╭─ Data in this exercise

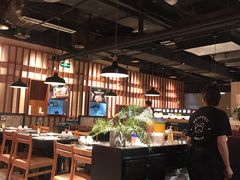 -嘿嘟嘟·肋条烧肉放题(爱融荟城店)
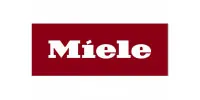Miele Logo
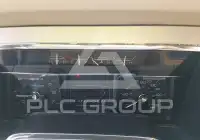 2010 Lincoln NAVIGATOR фото
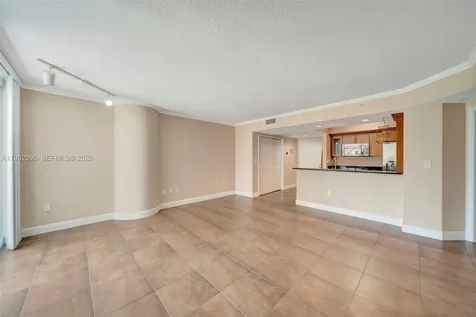 401 SW 4th Avenue Fort Lauderdale FL 33315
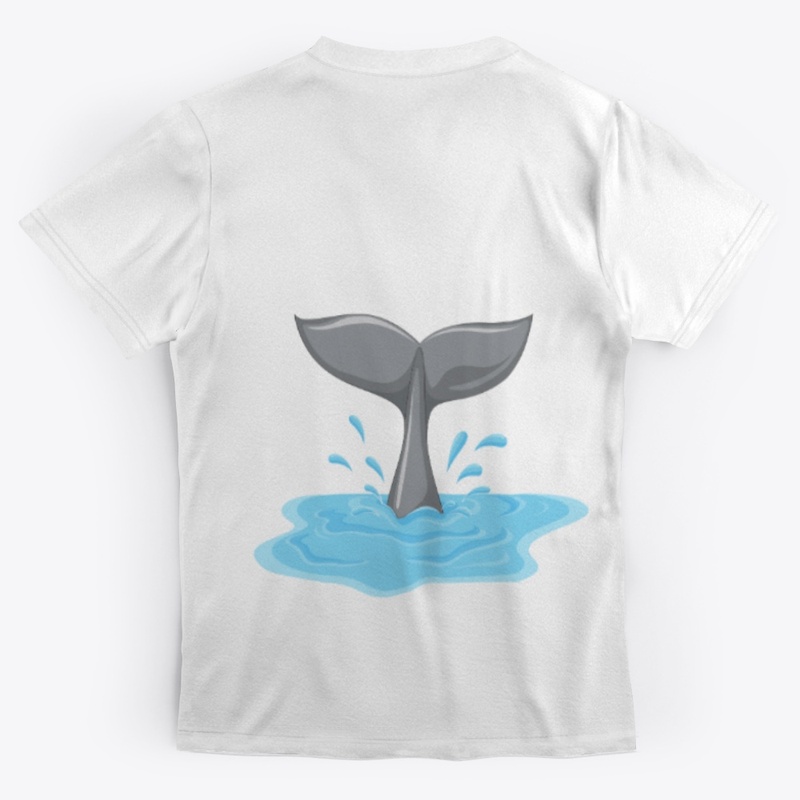 SHARK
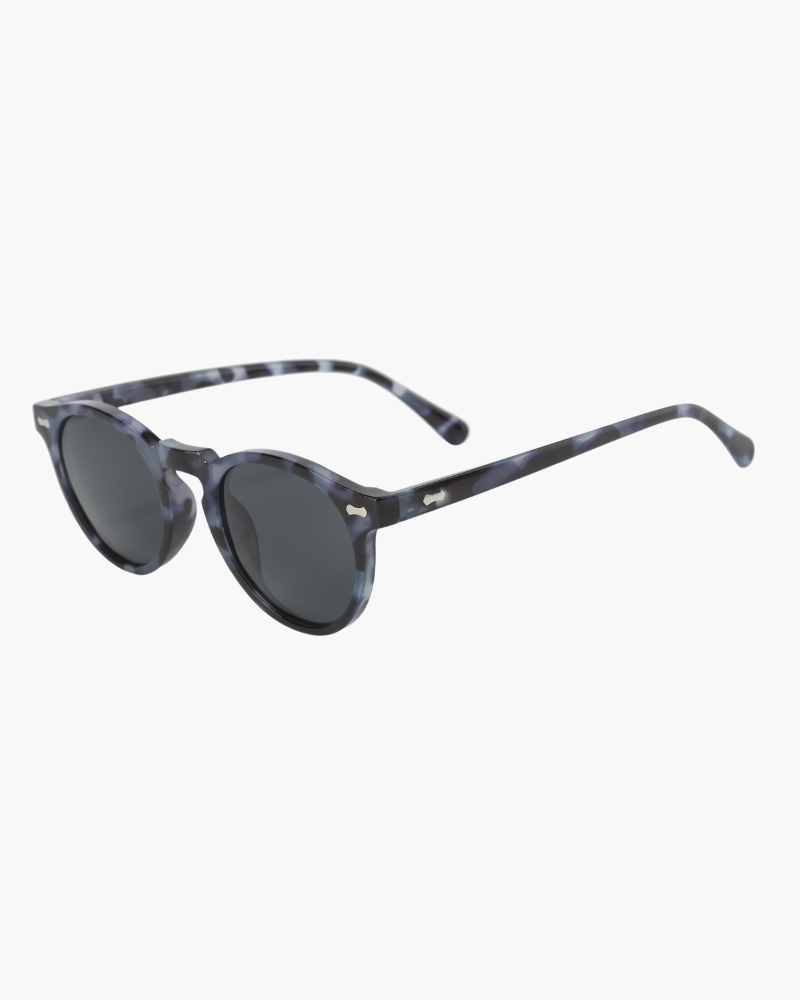 Old Money Sunglasses (Polarised) - Old Money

╰─

— What is required —
Return the full set of lines above word for word and with no pictures.

— Answer box —
 -嘿嘟嘟·肋条烧肉放题(爱融荟城店)
Miele Logo
 2010 Lincoln NAVIGATOR фото
 401 SW 4th Avenue Fort Lauderdale FL 33315
 SHARK
 Old Money Sunglasses (Polarised) - Old Money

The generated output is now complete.